The integrand has poles along the real axis when viewed as a complex function. My approach to solving this integral was to create a contour with two semicircles of radius $\epsilon$ and close the contour by creating a big semicircle. In other words, we would have a contour like the one in the figure below:

enter image description here

but instead of having a semicircle cutout near the origin there would be two at $\pm c$. One can then use the residue theorem.

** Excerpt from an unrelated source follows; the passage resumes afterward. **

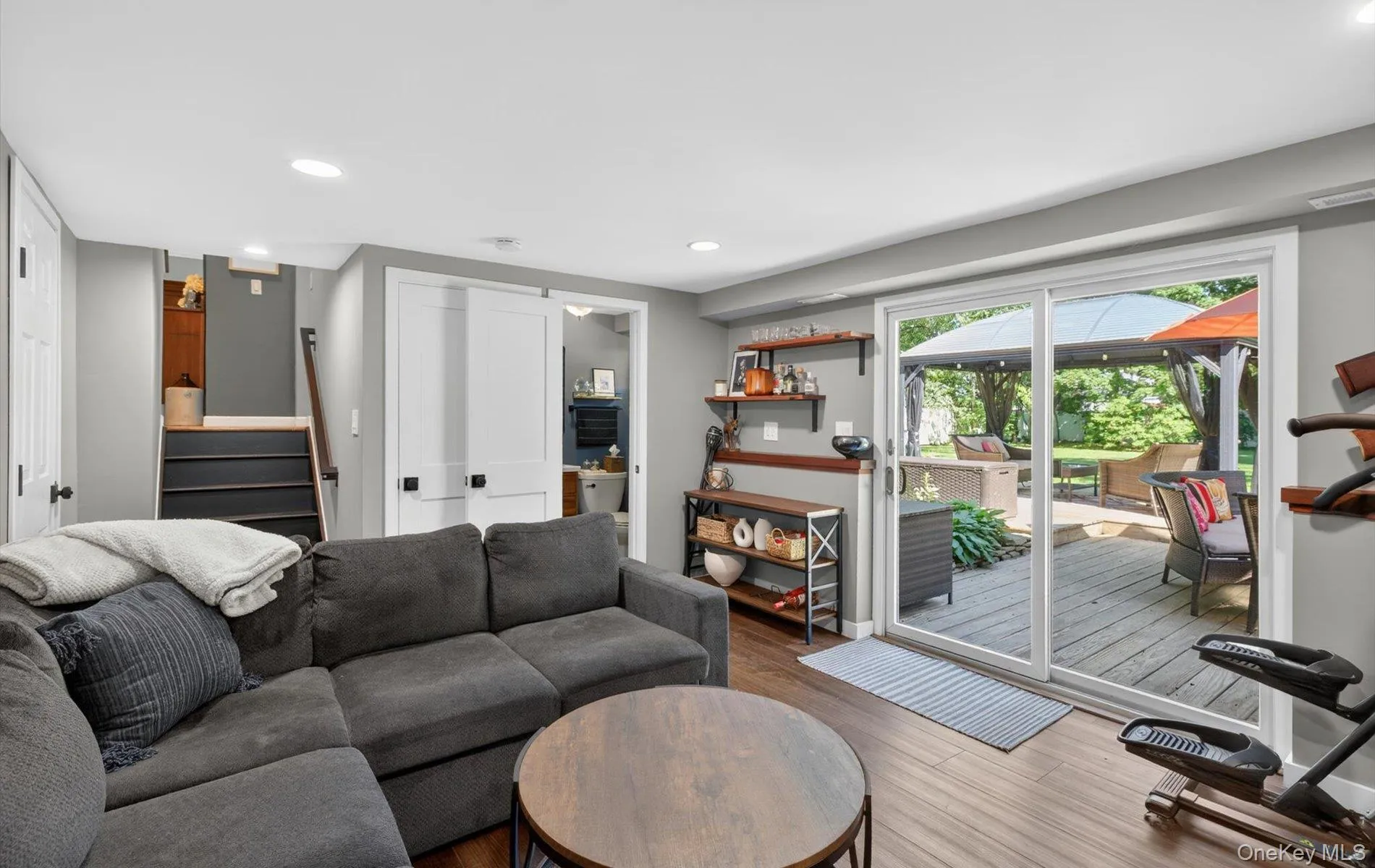 Family Room/Sliders out to the Backyard Family Room/Sliders out to the Backyard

I made a post about this integral on physics SE: https://physics.stackexchange.com/q/800770/288281. In that post I was surprised to find out that the choice of contour does matter and will give different answers, in contrast to something like $$\int_{-\infty}^\infty \frac{\sin(x)}{x}dx$$ which does not depend on the choice of contour. This is briefly discussed in this question: When does the value of a complex contour integral depend on the choice of the contour of integration?.

I have two questions:

  1. When does the value of an integral over the real line, when computed using complex contour integration, depend on the choice of contour and why?
  2. The approach used to solve this integral in physics textbooks is also to use the residue theorem, but they first push the poles slightly above or below the real axis and then take a limit. So the integral becomes $$\lim_{\epsilon \rightarrow 0} \int_{-\infty}^\infty \frac{1}{2\pi i} \frac{-e^{-ix(a-b)}}{x^2 - c^2 + i\epsilon} dx.$$ Why is it necessary to push the poles above/below the real axis? What is wrong with the contour approach I described above which keeps the poles on the real axis? Is this because the integral is not well defined?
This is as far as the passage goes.